Lake in Western Australia

Shark Lake is a freshwater lake in the Goldfields-Esperance region of Western Australia approximately 13 km north of Esperance.

It lies north of the townsite of Shark Lake, which was gazetted in 1967 and named after the lake.

The lake is situated within the Shark Lake Nature Reserve, which occupies an area of 16.1 ha and is one of the few permanent freshwater lakes and wetlands on the south coast.

The lakes are predominantly fed by natural drainage from the agricultural areas to the north. Increased runoff and rising water tables from agricultural clearing have a large impact on the water quality of the lake.

Shark Lake Nature Reserve was gazetted as an A class reserve on 21 January 1972 for the purpose of
conservation of flora and fauna.

Shark Lake lies in a land system that is part of the broader Esperance sand-plain. The sand-plain is gently undulating with low rises and hills. The soils are mostly deep comprising sandy grey sands over yellow clay with grey-white loamy sand around the lake.
It has an average salinity of 1.7 ‰ total dissolved solids.
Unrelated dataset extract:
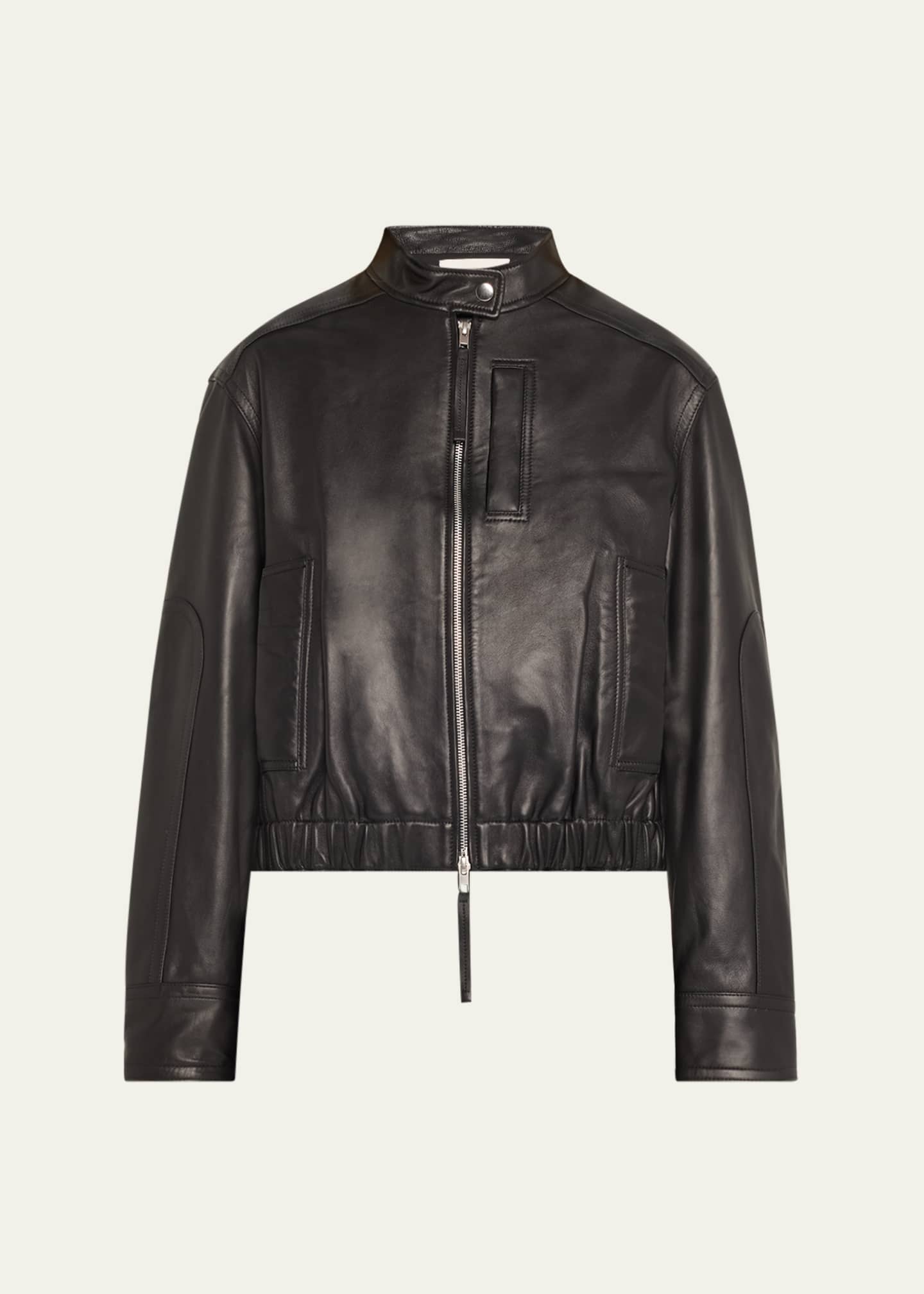 Vince lambskin leather jacket top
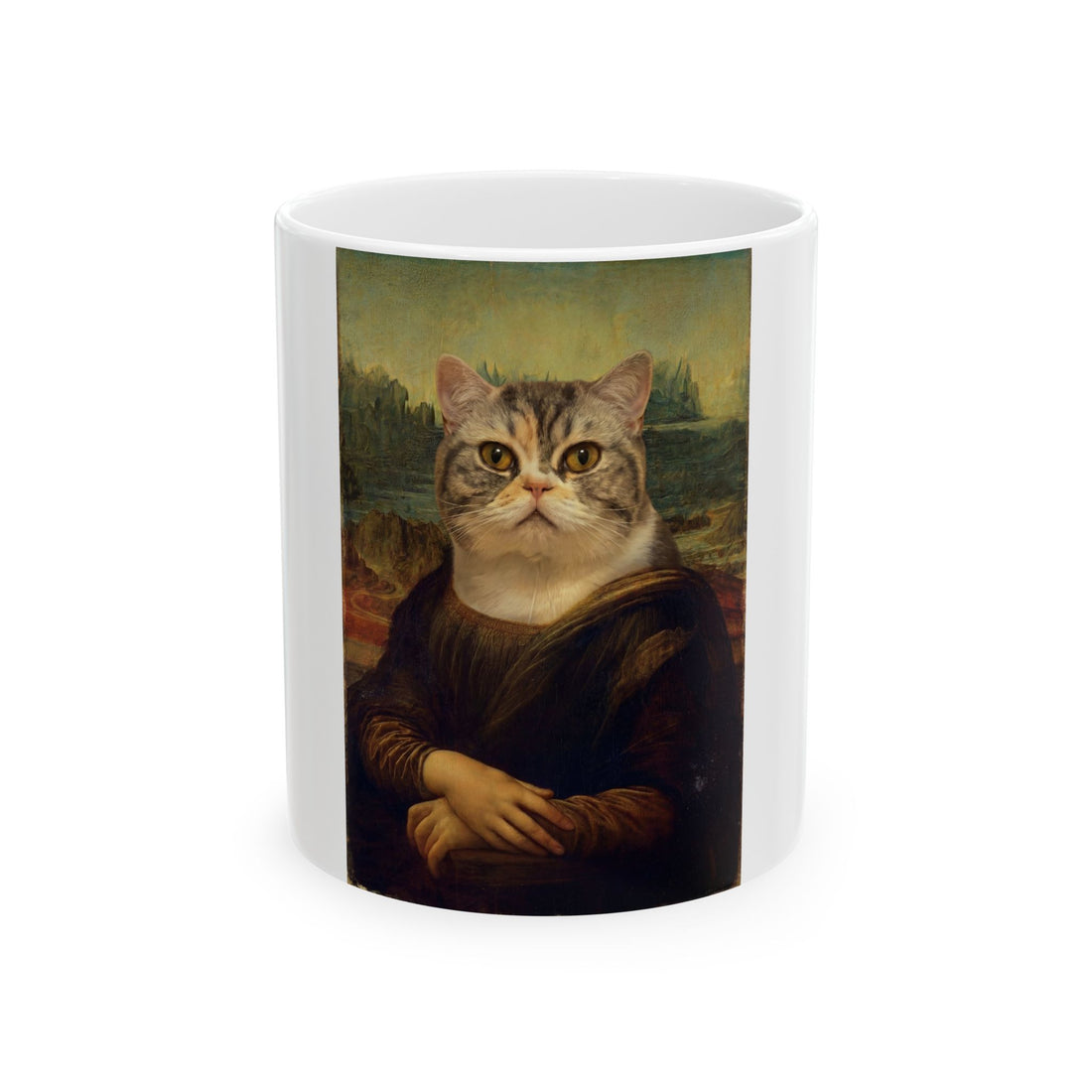 Katzentasse Mona Lisa nach Foto - Ansicht 1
The lake is an important drought refuge for the area's fauna, with comparatively large numbers of birds being recorded there in summer. A total of 40 species are known to visit the lake through the year. Species of birds found at the lake include: avocet, greenshank, hooded dotterel, black swan, reed warbler, brown bittern, hoary-headed grebe, little grassbird, Australian white ibis and buff-banded rail.

The low-lying swamp areas around the lake are dominated by Melaleuca trees and scrub.
Other dominant species include Calothamnus quadrifidus and Acacia cyclops. Fringing vegetation of mixed low heaths occur on lake edges with dense sedge beds of Baumea articulata, Isolepis nodosa, Juncus species and Schoenus brevifolius.